- _TASK PROMPT_
Write out the material in full, matching each line exactly.

- _GIVEN ENTRIES_
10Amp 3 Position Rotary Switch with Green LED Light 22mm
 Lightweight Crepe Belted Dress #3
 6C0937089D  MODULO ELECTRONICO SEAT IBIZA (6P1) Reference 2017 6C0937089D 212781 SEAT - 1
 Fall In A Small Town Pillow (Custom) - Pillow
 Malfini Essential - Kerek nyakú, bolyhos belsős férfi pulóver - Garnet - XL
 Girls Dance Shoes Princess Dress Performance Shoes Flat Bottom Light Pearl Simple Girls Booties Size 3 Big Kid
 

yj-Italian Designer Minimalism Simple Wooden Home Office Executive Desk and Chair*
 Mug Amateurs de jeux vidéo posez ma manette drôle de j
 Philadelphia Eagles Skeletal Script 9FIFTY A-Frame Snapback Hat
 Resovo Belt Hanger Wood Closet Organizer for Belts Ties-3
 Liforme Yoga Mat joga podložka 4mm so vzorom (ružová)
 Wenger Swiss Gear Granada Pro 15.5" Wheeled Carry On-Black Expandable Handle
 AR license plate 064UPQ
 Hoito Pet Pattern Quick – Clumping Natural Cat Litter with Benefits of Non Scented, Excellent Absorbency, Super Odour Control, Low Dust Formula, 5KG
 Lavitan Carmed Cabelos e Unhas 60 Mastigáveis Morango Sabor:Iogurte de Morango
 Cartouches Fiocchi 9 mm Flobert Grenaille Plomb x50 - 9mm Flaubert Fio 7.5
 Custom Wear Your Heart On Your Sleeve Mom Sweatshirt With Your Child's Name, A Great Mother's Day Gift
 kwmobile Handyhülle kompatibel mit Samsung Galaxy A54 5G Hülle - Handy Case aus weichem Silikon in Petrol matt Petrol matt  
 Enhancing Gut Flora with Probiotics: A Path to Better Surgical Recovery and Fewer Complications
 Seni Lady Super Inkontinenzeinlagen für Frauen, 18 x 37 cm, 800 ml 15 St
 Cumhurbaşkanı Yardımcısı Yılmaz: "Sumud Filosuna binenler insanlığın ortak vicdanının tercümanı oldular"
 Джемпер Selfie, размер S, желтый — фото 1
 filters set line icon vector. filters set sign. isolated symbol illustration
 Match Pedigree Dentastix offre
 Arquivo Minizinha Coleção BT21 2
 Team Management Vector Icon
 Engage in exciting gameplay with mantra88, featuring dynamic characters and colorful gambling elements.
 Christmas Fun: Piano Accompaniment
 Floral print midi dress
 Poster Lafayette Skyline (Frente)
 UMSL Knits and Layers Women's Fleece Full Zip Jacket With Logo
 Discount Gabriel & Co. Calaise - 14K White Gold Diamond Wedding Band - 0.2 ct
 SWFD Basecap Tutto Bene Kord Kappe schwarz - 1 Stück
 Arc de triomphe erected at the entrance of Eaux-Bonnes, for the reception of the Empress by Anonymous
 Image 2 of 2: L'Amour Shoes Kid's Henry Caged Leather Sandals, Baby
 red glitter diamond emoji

- _WRITTEN REPLY_
10Amp 3 Position Rotary Switch with Green LED Light 22mm
 Lightweight Crepe Belted Dress #3
 6C0937089D  MODULO ELECTRONICO SEAT IBIZA (6P1) Reference 2017 6C0937089D 212781 SEAT - 1
 Fall In A Small Town Pillow (Custom) - Pillow
 Malfini Essential - Kerek nyakú, bolyhos belsős férfi pulóver - Garnet - XL
 Girls Dance Shoes Princess Dress Performance Shoes Flat Bottom Light Pearl Simple Girls Booties Size 3 Big Kid
 

yj-Italian Designer Minimalism Simple Wooden Home Office Executive Desk and Chair*
 Mug Amateurs de jeux vidéo posez ma manette drôle de j
 Philadelphia Eagles Skeletal Script 9FIFTY A-Frame Snapback Hat
 Resovo Belt Hanger Wood Closet Organizer for Belts Ties-3
 Liforme Yoga Mat joga podložka 4mm so vzorom (ružová)
 Wenger Swiss Gear Granada Pro 15.5" Wheeled Carry On-Black Expandable Handle
 AR license plate 064UPQ
 Hoito Pet Pattern Quick – Clumping Natural Cat Litter with Benefits of Non Scented, Excellent Absorbency, Super Odour Control, Low Dust Formula, 5KG
 Lavitan Carmed Cabelos e Unhas 60 Mastigáveis Morango Sabor:Iogurte de Morango
 Cartouches Fiocchi 9 mm Flobert Grenaille Plomb x50 - 9mm Flaubert Fio 7.5
 Custom Wear Your Heart On Your Sleeve Mom Sweatshirt With Your Child's Name, A Great Mother's Day Gift
 kwmobile Handyhülle kompatibel mit Samsung Galaxy A54 5G Hülle - Handy Case aus weichem Silikon in Petrol matt Petrol matt  
 Enhancing Gut Flora with Probiotics: A Path to Better Surgical Recovery and Fewer Complications
 Seni Lady Super Inkontinenzeinlagen für Frauen, 18 x 37 cm, 800 ml 15 St
 Cumhurbaşkanı Yardımcısı Yılmaz: "Sumud Filosuna binenler insanlığın ortak vicdanının tercümanı oldular"
 Джемпер Selfie, размер S, желтый — фото 1
 filters set line icon vector. filters set sign. isolated symbol illustration
 Match Pedigree Dentastix offre
 Arquivo Minizinha Coleção BT21 2
 Team Management Vector Icon
 Engage in exciting gameplay with mantra88, featuring dynamic characters and colorful gambling elements.
 Christmas Fun: Piano Accompaniment
 Floral print midi dress
 Poster Lafayette Skyline (Frente)
 UMSL Knits and Layers Women's Fleece Full Zip Jacket With Logo
 Discount Gabriel & Co. Calaise - 14K White Gold Diamond Wedding Band - 0.2 ct
 SWFD Basecap Tutto Bene Kord Kappe schwarz - 1 Stück
 Arc de triomphe erected at the entrance of Eaux-Bonnes, for the reception of the Empress by Anonymous
 Image 2 of 2: L'Amour Shoes Kid's Henry Caged Leather Sandals, Baby
 red glitter diamond emoji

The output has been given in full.